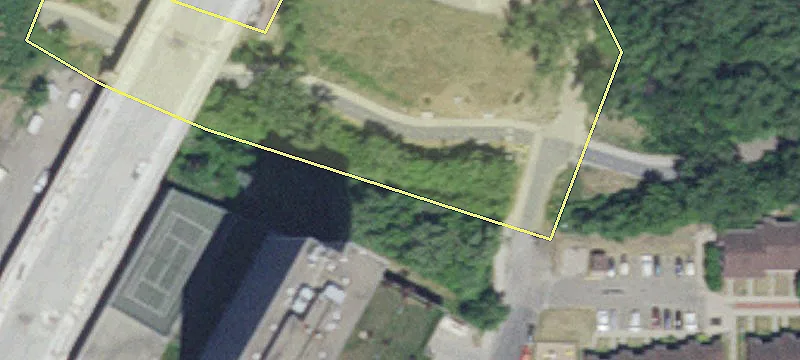 Land in Bluff Street Park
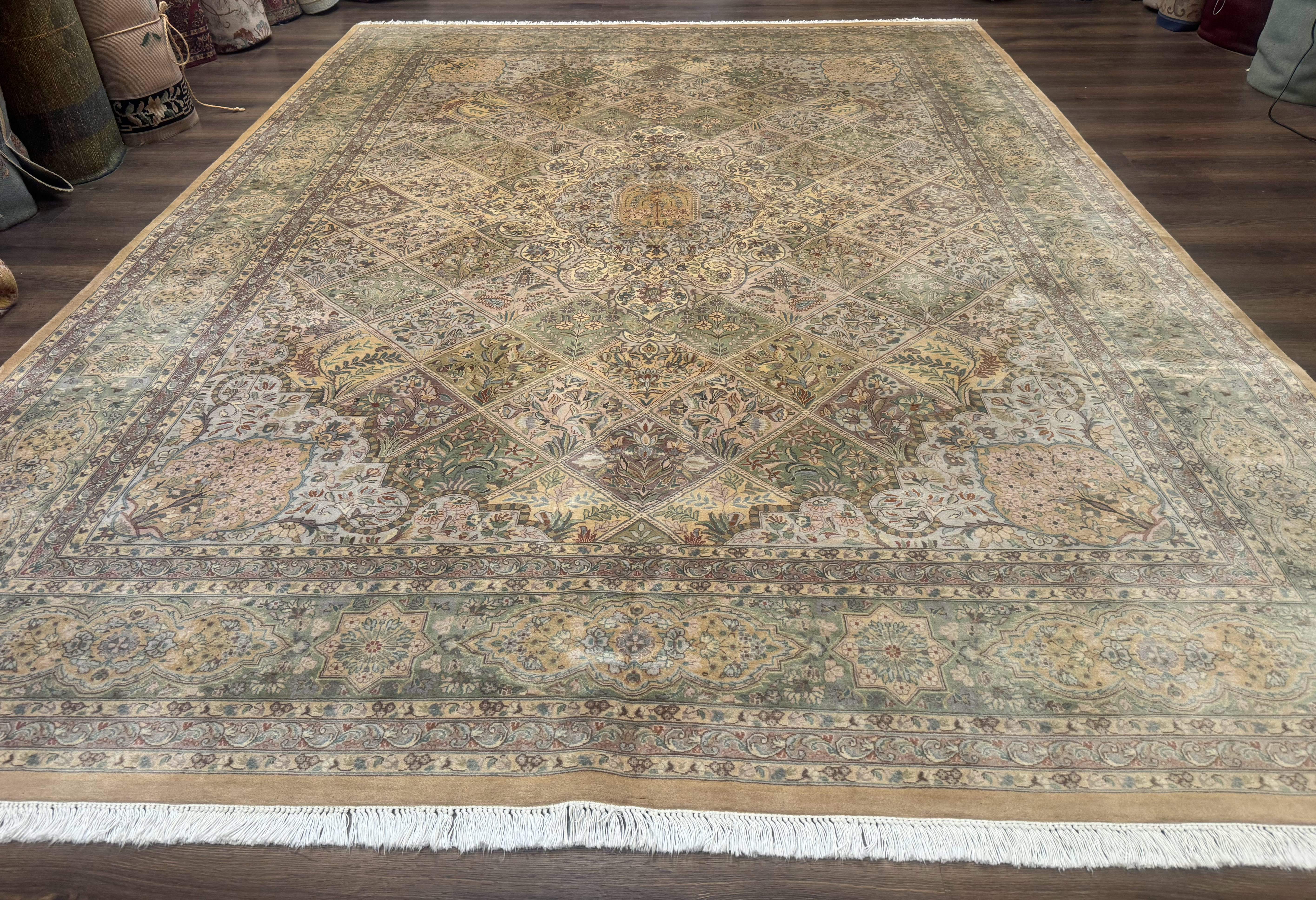 Pak Persian Rug 9x12, Diamond Panel Design, Fine 225 KPSI, Wool - Jewel Rugs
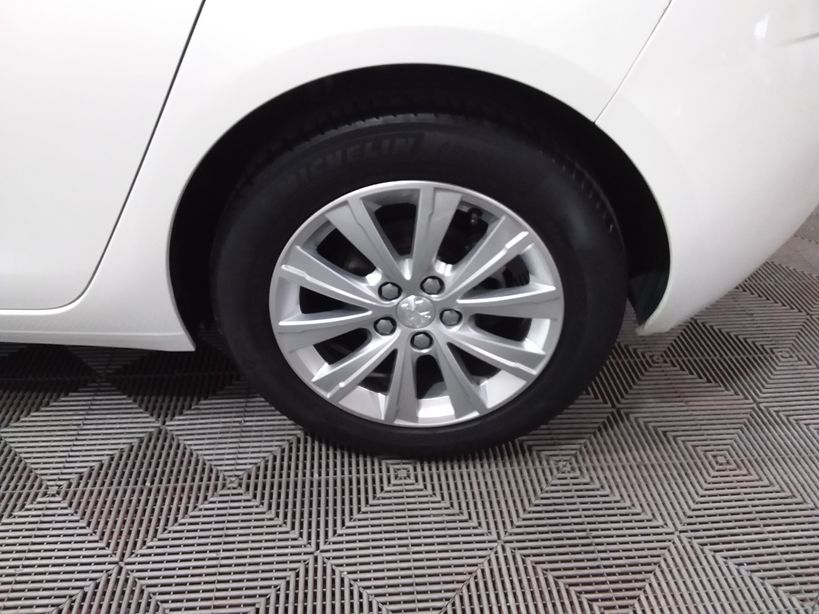 PEUGEOT 308 2020 - Photo n°29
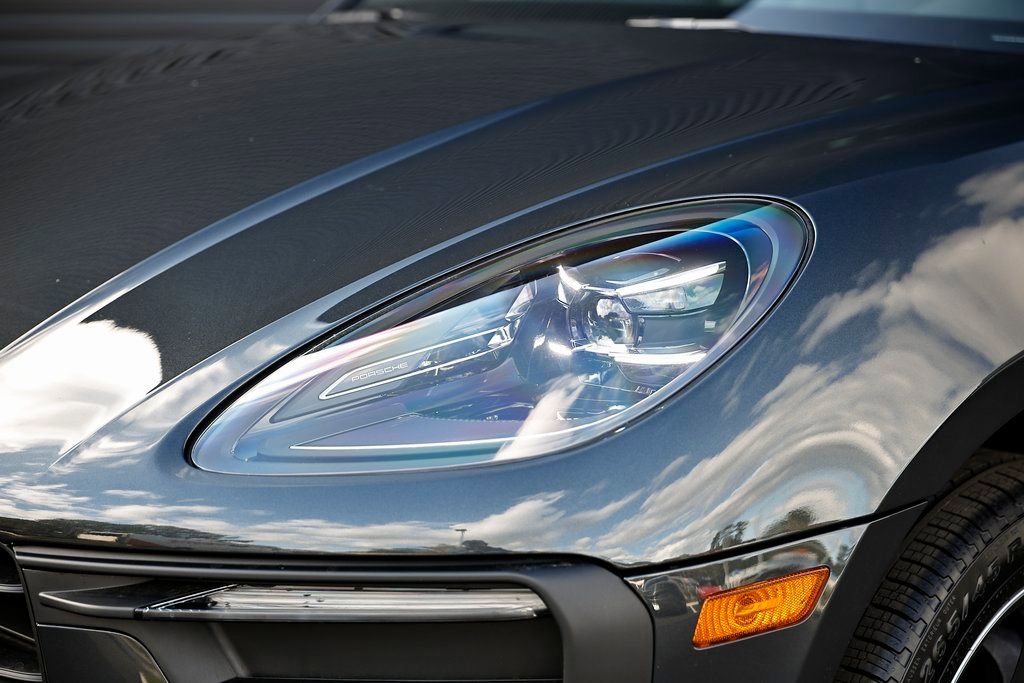 Certified 2026 Porsche Macan image 39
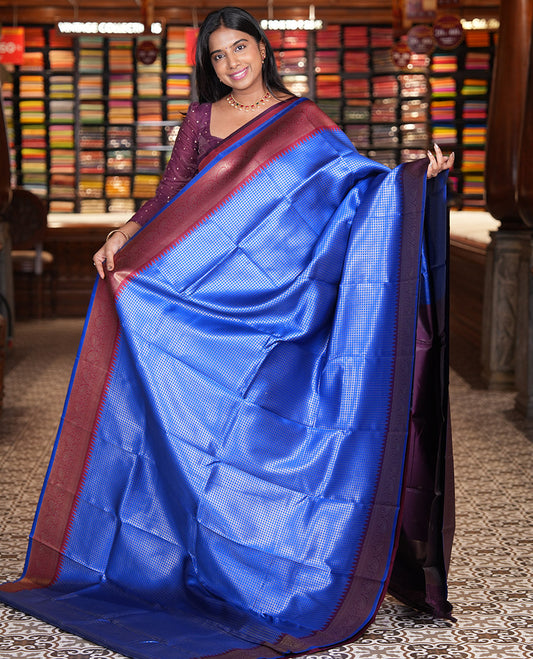 Royal Blue Zari Checked Litchi Saree with Contrast Ganga-Jamuna Border, Grand Pallu, and a Contrast Blouse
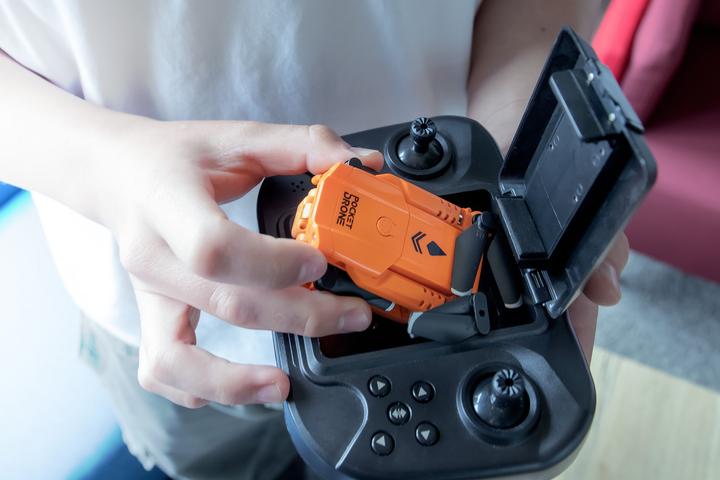 Actual product image Revell RC Quadrocopter Pocket Drone (7 min, 59 g)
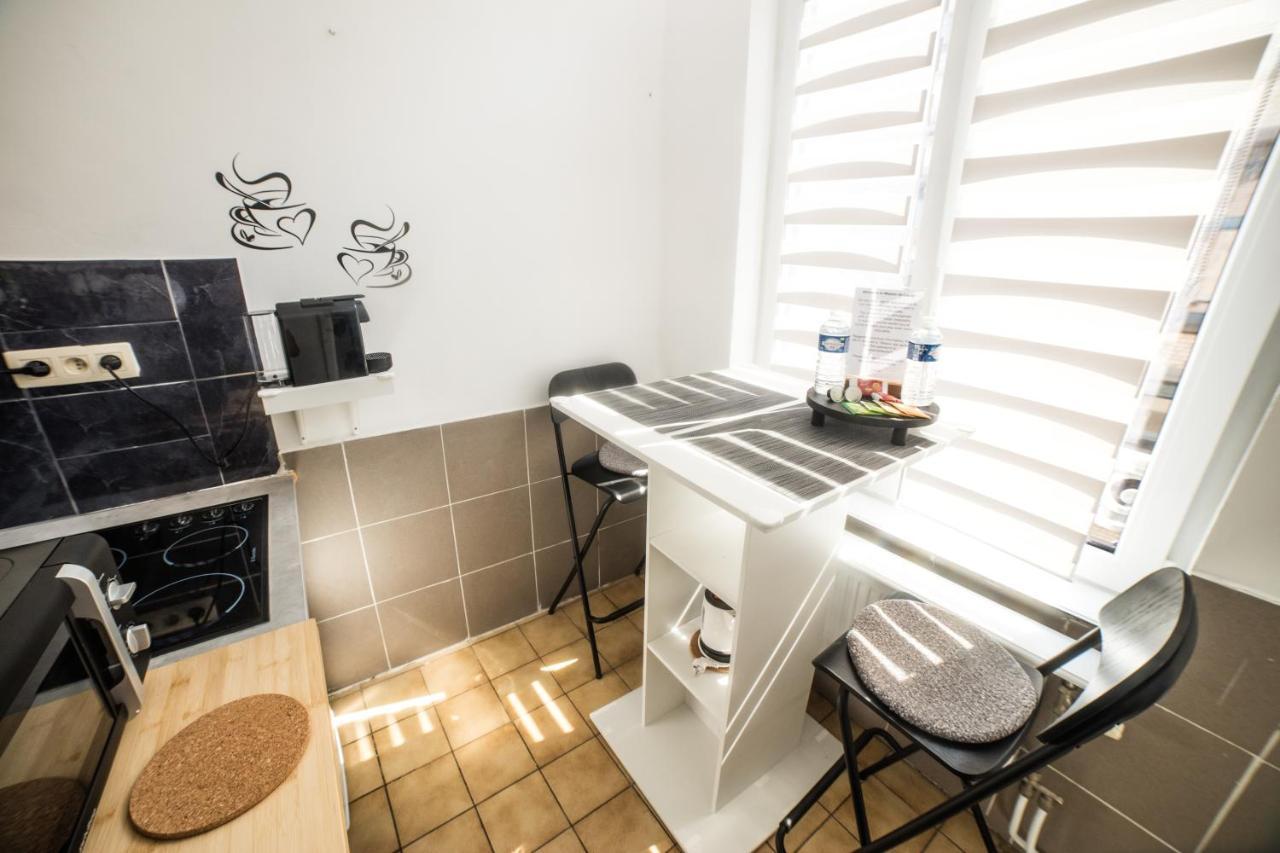 City Centre Hidden Gem! Apartment For Up To 3 People Brusel Exteriér fotografie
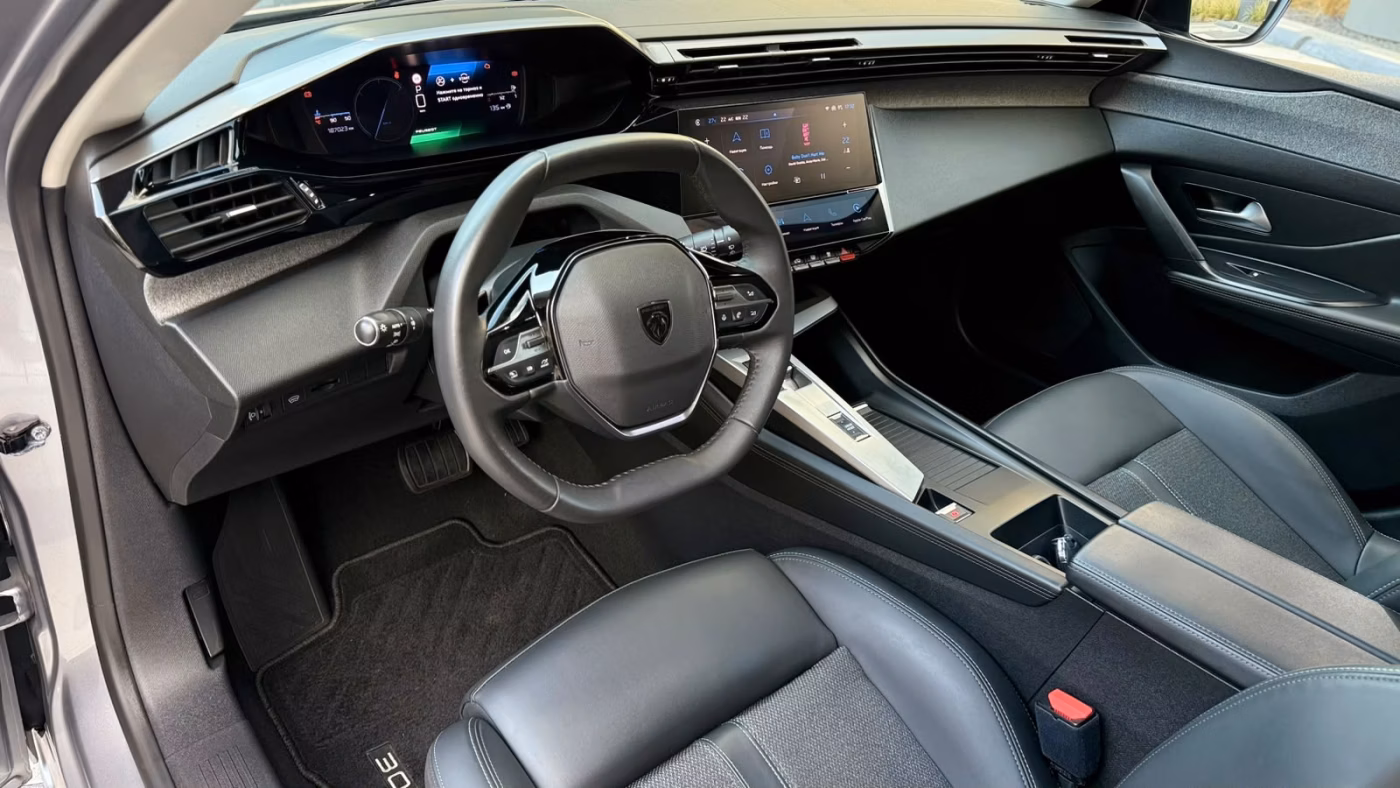 Peugeot 308 фото 15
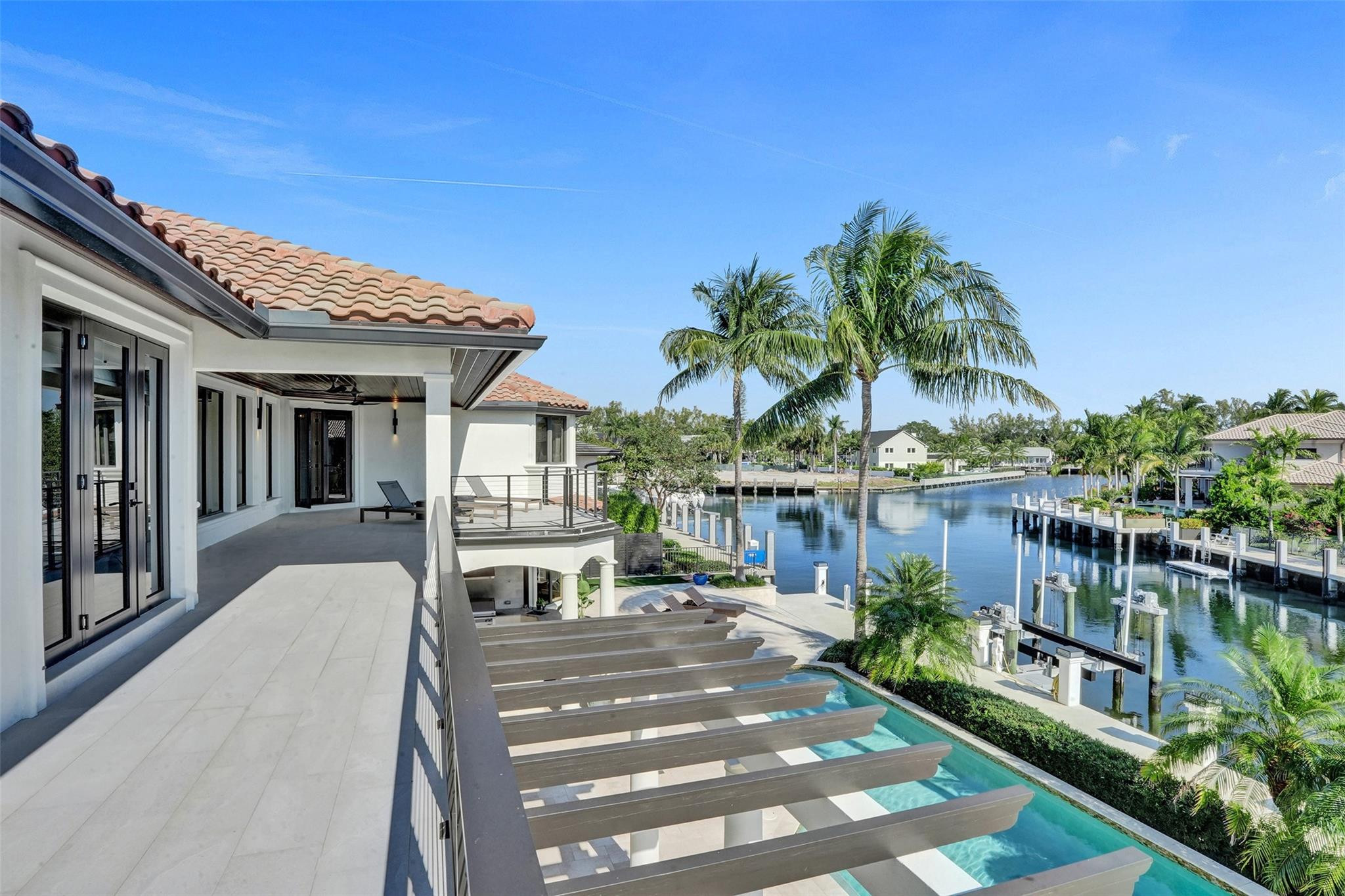 BAY COLONY - Residential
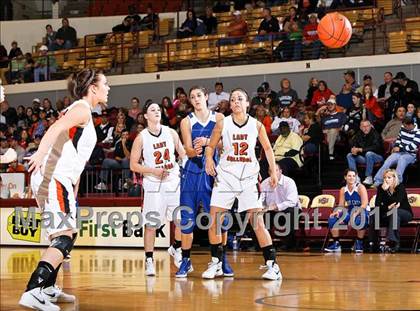 Thumbnail 3 in Burkburnett vs. Krum (Fantasy of Lights) photogallery.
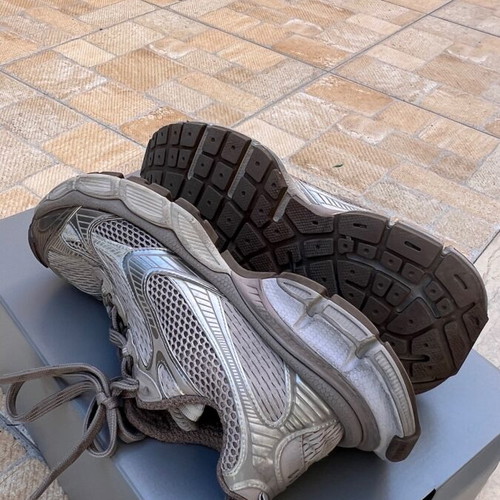 Balenciaga athletic shoes 3XL like new, taupe mix, size 41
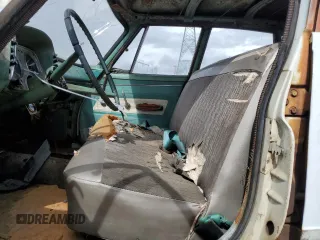 1960 Plymouth Valiant z VIN 1307117456, wystawiony jako Copart lot #48976045 z przebiegiem 20 241 mil mil oraz Czysty tytuł • Clean title. Historia ofert i sprzedaży dostępna na DreamBid. Obrazek 7.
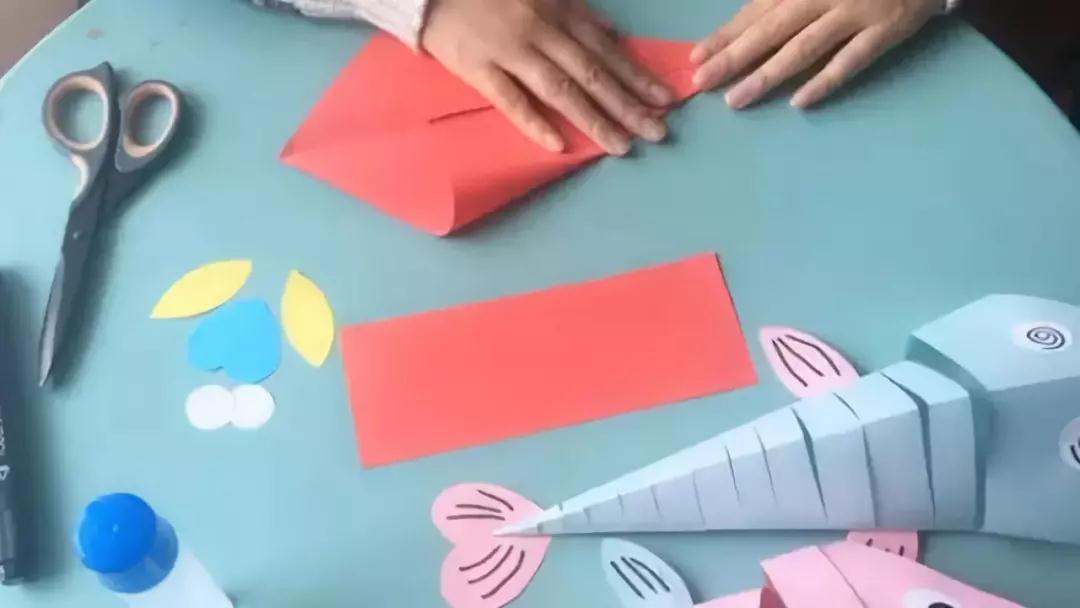 三角形卡通小鱼图片,彩色卡通小鱼图文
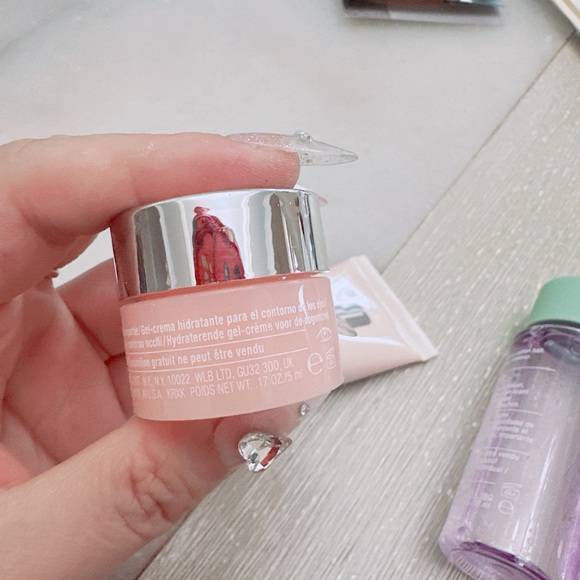 Clinique skincare /makeup bundle /mascara/eye cream /makeup remover/mask/New - Picture 7 of 7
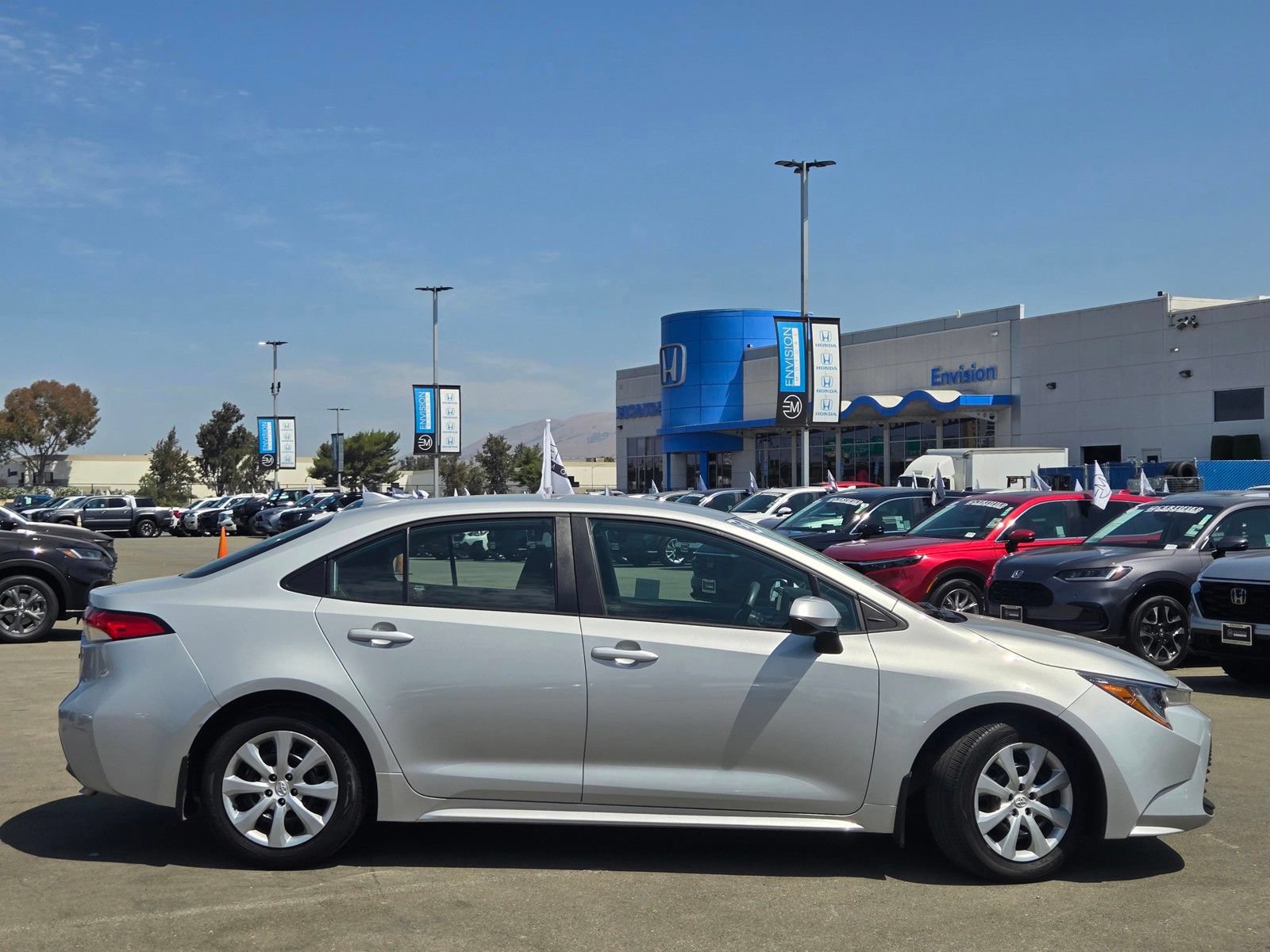 Used 2023 Toyota Corolla LE FWD image 8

○ ○ ○ ○ ○

◆ Directions: Copy the lines above exactly, starting at the one with "1960 Plymouth Valiant" and ending at the one with "三角形卡通小鱼图片,彩色卡通小鱼图文", both included. Leave out any pictures and add nothing else.

◆ Exercise result:
 1960 Plymouth Valiant z VIN 1307117456, wystawiony jako Copart lot #48976045 z przebiegiem 20 241 mil mil oraz Czysty tytuł • Clean title. Historia ofert i sprzedaży dostępna na DreamBid. Obrazek 7.
 三角形卡通小鱼图片,彩色卡通小鱼图文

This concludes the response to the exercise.